Popular Inc. President Richard Carrión, who has also served as chairman of the Finance Commission of the International Olympic Committee and member since 1990, announced today his candidacy for the presidency of the sporting organization, bringing with him a “clear vision to address the major challenges and opportunities that lie ahead of the Olympic movement.”
By officially throwing his hat in the ring, Carrión puts to rest months of speculation regarding whether he would go for the position.
Appointed chairman of the IOC Finance Commission in 2002, Carrión has headed negotiations of Olympic TV broadcast rights for the Americas, Asia, Africa and Australia that aggregate to more than $8 billion in funding revenues for the Olympic Movement.
Broadcast rights account for two thirds of IOC revenues and for nearly 50 percent of funds granted by the IOC to organizations throughout the Olympic Movement to support the staging of the Olympic Games and to promote the worldwide development of sport.
“Chairing the Finance Commission has been a privilege that has provided me a broad view of the Movement for more than a decade, as well as a narrow focus on its essential needs to ensure its independence,” said Carrión. “We have a lot at stake in this election. Our place in the world is not guaranteed. We must have a leader that knows how not just to manage the coming change, but also make it work for the IOC and the Movement. We must embrace this ever changing reality and keep innovating and evolving, or risk becoming less relevant to this and future generations.”
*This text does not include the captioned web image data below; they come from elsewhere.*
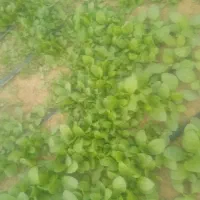 نشا برگ زرد|گل و گیاه طبیعی|کاکی, |دیوار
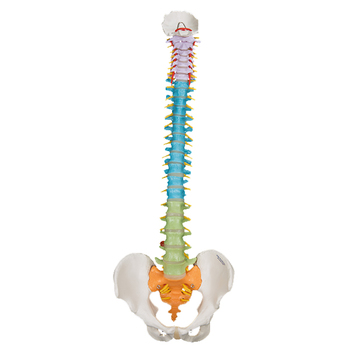 Didaktische flexible Wirbelsäule – 3B Smart Anatomy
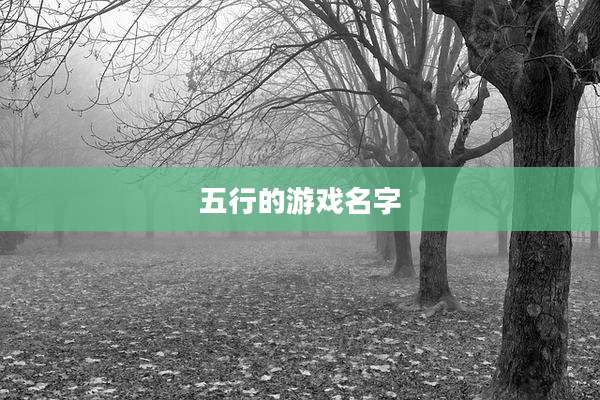 五行的游戏名字
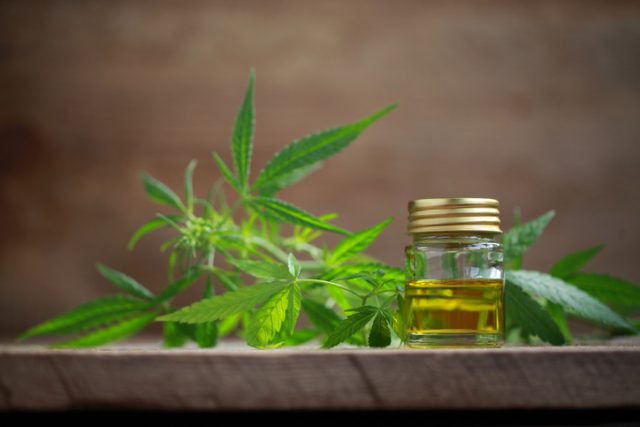 A cannabis leaf and a bottle of hemp oil.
Carrión was a member of the IOC executive board from 2004 to 2012 when his eight-year term expired. He has been a member of the Central Board of the International Basketball Federation and Deputy Chairman of the FIBA Finance Commission since 2010.
The Olympic Movement faces numerous ongoing threats and recent social upheavals across the world add a series of new ones, including:
- deep economic and fiscal strains that can lead to consequential impacts on sports across countries of all sizes;
- the increasing complexity of staging the Olympic Games and its effect on future bids for host cities;
- the rise of illegal betting on sports;
- growing rate of inactivity and obesity among youth.
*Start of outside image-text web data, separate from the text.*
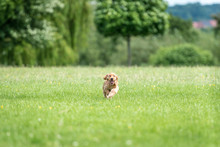 3 Month Old Cocker Spaniel Playing On A Grass Field
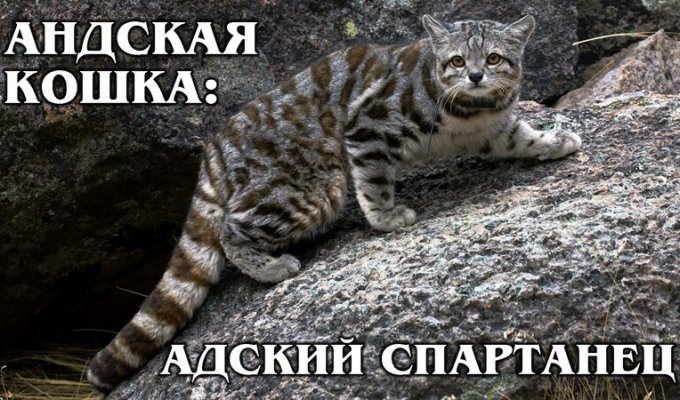Суровая и загадочная маленькая высокогорная кошка (3 фото)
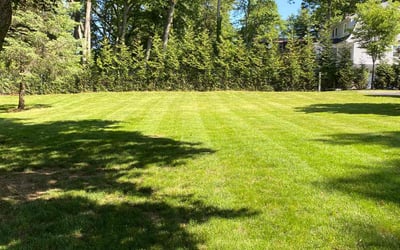 Photo of Anita B.'s yard after getting lawn care in Union City, NJ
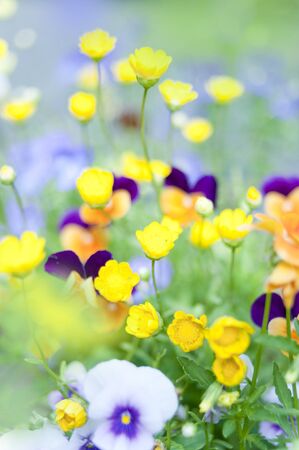 mix plant close up の写真素材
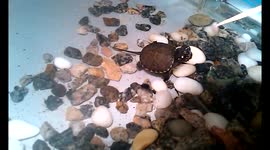 Funny turtles. I feed the turtles with meat. Turtles live in an aquarium.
With more than 20 years of active involvement in the Olympic Movement, more than 30 years of business and management experience running a leading financial institution, and participation in many other organizations, Carrión has developed the skills to lead the movement in the years to come and the experience to perceive and assess the complex and changing dynamics of present times, a press release announcing his candidacy stated.
Central to his vision for the Olympic Movement are the use of a multi-partner approach to achieve universality by building on the UN observer status of the IOC, improve the effectiveness of the revenue-distribution models of the IOC to create a new special fund for sports education and development that is complementary to Olympic Solidarity and bring in-house some functions of the organization of the Olympic Games by identifying those areas where IOC can implement models based on the successful structure of the Olympic Broadcasting Services.
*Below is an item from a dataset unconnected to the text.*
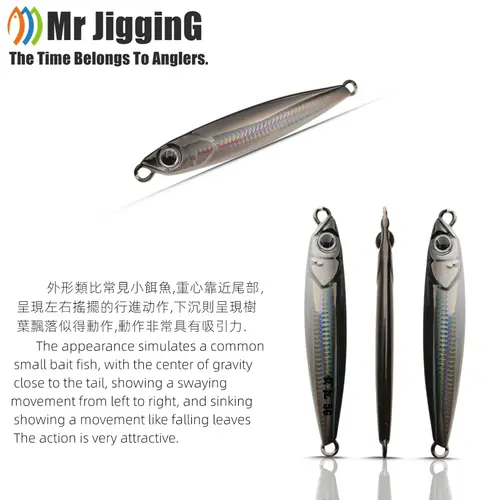 Mr JigginG Fast Sinking Metal Jig Lure 10/15/20/30/40g Saltwater Shore Casting Fishing Sea Bass Metal Jig Artificial Bait Tackle - Image 2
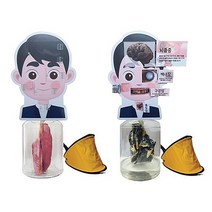 살아있는 폐모형 세트 LS03900 실제 정상폐 손상폐 2세트 비교모형, 여자, 1개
“The most important thing I offer is an unwavering commitment to the values at the core of the Movement,” said Carrión. “Adopted by the movement at large as Friendship, Excellence and Respect, these values have for more than a hundred years inspired not only athletes, but also men, women and children all around the world.”
“We have a responsibility to continue defending and promoting these values by working tirelessly to realize Pierre de Coubertin’s vision that the practice of sport is a human right,” said Carrión.